As is known by those skilled in the art, to manually cut a 300 pound ice cake into blocks sized for a snow-cone machine and the like typically takes about 45 minutes to one hour. Probably more accurately described as a scoring-and-breaking process, inherent in this process, however, is considerable debris generation of and waste. Indeed, it is not uncommon for as much as 50 pounds from a 300 pound cake to be wasted. Hence, such 15% waste and labor-intensive cutting methodology has limited productivity for several years. There has been limited availability of an ice cake cutting apparatus and method to produce suitable blocks for ice coolers and snow-cone machines.
An alternative approach to making more suitably sized ice blocks available for ice coolers and the like, 10 pound blocks may be formed in freezers. But such freezing obviously is limited by the liquid-to-solid phase change process: approximately 150 blocks can be produced approximately every 26 hours in a conventional freezer. As is known in the art, however, larger ice cakes tend to engender better quality ice, having fewer bubbles and other defects dispersed throughout.
There are several ice cake cutting machines known in the art which attempt to deliver ice blocks to an anxious marketplace. For example, in U.S. Pat. No. 3,576,146, Adams teaches an apparatus for automatically cutting ice blocks from a conventional ice cake using a hoist to control the vertical position a supporting rig relative to a pair of spaced apart rotary saws which cut slots into a face of an ice cake, and relative to a chain saw which cuts perpendicularly through another face of the cake. These blades are configured to form three blocks of predetermined size. Penetration into a cake is accomplished by rotation of circular saw blades. Unfortunately, in addition to being complicated and expensive, the Adams apparatus suffers from the disadvantage that all of its working parts are located above the ice cake, thereby introducing contamination problems. The size of blocks produced by this apparatus are also constrained by the width thereof.

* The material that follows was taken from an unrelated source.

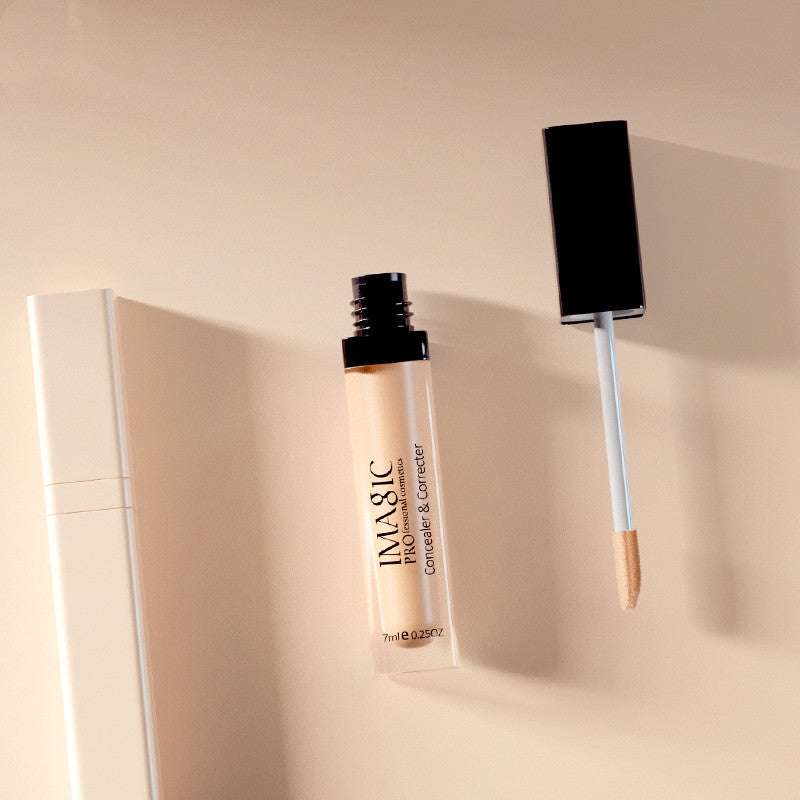 IMAGIC Concealer für Gesichtsunreinheiten – Bild 4 | LuxeStyle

As another example, in U.S. Pat. No. 766,111, Mowery teaches an ice cutting machine which cuts an ice cake into cubes and the like using a combination of a vertically disposed gang of circular saws and a horizontally disposed band saw. The ice cake is horizontally placed upon a table and then manually engaged with these various saw blades and manually kept in contact therewith. The cut pieces pass through an oblique chute located below the table and fall into a receptacle. Thus, besides, there are significant safety concerns related to not only injury to the limbs, but also to injury caused by random discharge of ice chips and the like.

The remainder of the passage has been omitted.